Regularnie go czyściłem. Po prostu różowy włączył kompa, coś porobił, poszedł zrobić herbatę, wraca i "hej Atexor coś mi komp nie działa". Rozkręciłem i e środku zasilacza luzem ułamana część jakiegoś chipa. Cóż.. Może jakieś spięcie i wybiło zabezpieczenie?

Kupiłem nowy (thermaltake se 530w) i komp nie wstaje. Sprawdzam metodą spinaczową bez podpinania do mobo i działa. Hmm. Odłączyłem hdd i wentylatory i się włącza ale monitor nie reaguje (myszka i klawiatura też) . No to chyba hdd padł (samo zasilanie do niego dawałem). Po chwili okazało się że wentylatory też, bo nadal nie odpala jak je podepnę (na molexy). Odpinałem RAMy (zostawiałem po 1 kości w różnych slotach), zmieniałem gpu na stare i nadal nie działa. Co ciekawe czasem przy włączeniu pc (nie zawsze) śmierdzi spalenizną, ale za Chiny nie potrafię dociec skąd oraz dlaczego nie za każdym włączeniem.

Już mnie krew zalewa. Co to cholera jasna może być? Możliwe że mobo padło? Nigdy się nie spotkałem z takim czymś aby uszkodzone mobo zezwalało na włączanie komputera i raz śmierdziało a raz nie. Ale jak nie mobo, to... Procesor? Albo wszystkie 4 kości ram? Albo wentylatory podpięte pod mobo?

#pcmasterrace #komputery #pytanie #zalesie
  • 5
@Atexor: W takich sytuacjach zawsze metoda prób i błędów. Przy #!$%@?ęciu zasilacza liczysz się z tym, że albo padł sam albo popalił część podzespołów za sobą. Bardzo możliwe, że to płyta główna. Obejrzyj kondensatory czy są spuchnięte ( ͡° ͜ʖ ͡°)
@MightLight: patrzyłem - całe.

Niby zabezpieczenia no ale bez jaj. Aby pół kompa rozwalić ( ͡° ʖ̯ ͡°)
I możliwe jest aby uszkodzone mobo w ogóle startowało?

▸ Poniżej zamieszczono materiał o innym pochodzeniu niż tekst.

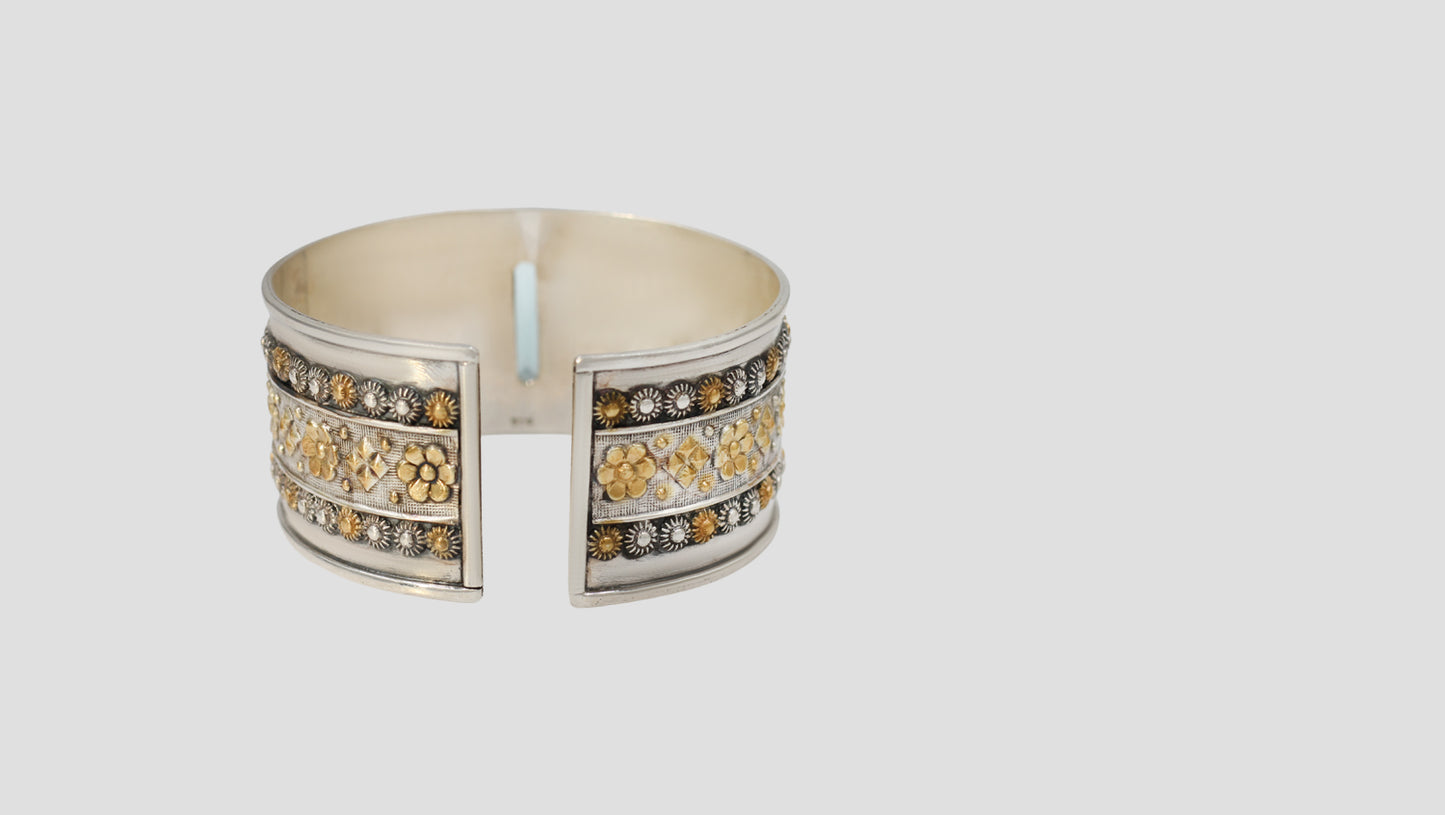 Heritage-Inspired Dual-Tone Silver Hand Cuff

Najbardziej to szkoda ew. proca (fx-8350) oraz danych na dysku. Jak myślisz - jak ten dysk (który wydaje się że miał zgon) podepnę pod sprawny pc nie powinien wyrządzić szkód? Zasilacz w sprawnym z najbielszej listy - corsair rm650x
@mamrotekk: ostatnio nie miałem burzy. Ba, nawet nie padał deszcz wtedy kiedy komp padł.

Zaryzykowalem i podłączyłem hdd pod drugi komp... I działa. Uff. Czyli wychodzi na to że płyta główna padła :/
Tylko dziwne że startuje kompa dopóty nie ma podłączonego dysku.